### What needs to be done:
In the entries below, find the line with "Luxury Modern Marble" and the line with "Reisetagebuch Glücksabenteuer A5". Print those two and everything between them exactly, and nothing else.

### Information shown:
• • • •

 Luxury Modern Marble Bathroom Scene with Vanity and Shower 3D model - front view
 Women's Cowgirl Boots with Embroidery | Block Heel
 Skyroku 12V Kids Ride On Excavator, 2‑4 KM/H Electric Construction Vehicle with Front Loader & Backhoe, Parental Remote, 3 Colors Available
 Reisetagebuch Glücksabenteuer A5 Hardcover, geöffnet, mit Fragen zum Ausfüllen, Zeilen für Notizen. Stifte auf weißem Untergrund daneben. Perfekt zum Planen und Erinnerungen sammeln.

• • • •

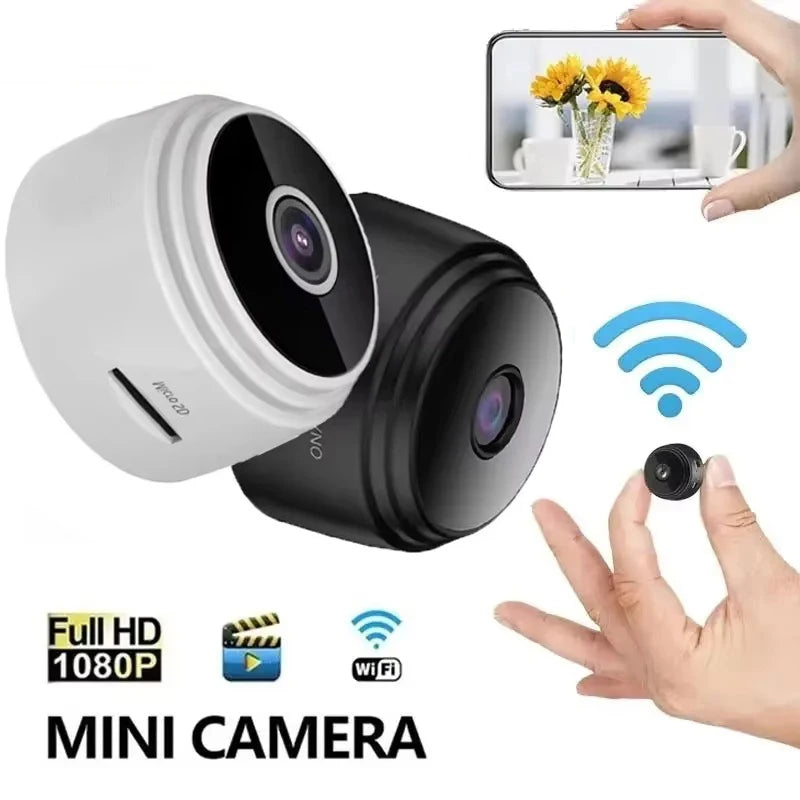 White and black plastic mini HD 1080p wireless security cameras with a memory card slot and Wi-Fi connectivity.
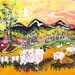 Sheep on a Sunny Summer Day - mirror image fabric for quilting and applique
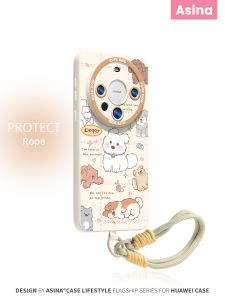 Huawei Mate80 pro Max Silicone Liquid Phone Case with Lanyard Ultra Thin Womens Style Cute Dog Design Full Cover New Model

• • • •

### Exercise result:
 Luxury Modern Marble Bathroom Scene with Vanity and Shower 3D model - front view
 Women's Cowgirl Boots with Embroidery | Block Heel
 Skyroku 12V Kids Ride On Excavator, 2‑4 KM/H Electric Construction Vehicle with Front Loader & Backhoe, Parental Remote, 3 Colors Available
 Reisetagebuch Glücksabenteuer A5 Hardcover, geöffnet, mit Fragen zum Ausfüllen, Zeilen für Notizen. Stifte auf weißem Untergrund daneben. Perfekt zum Planen und Erinnerungen sammeln.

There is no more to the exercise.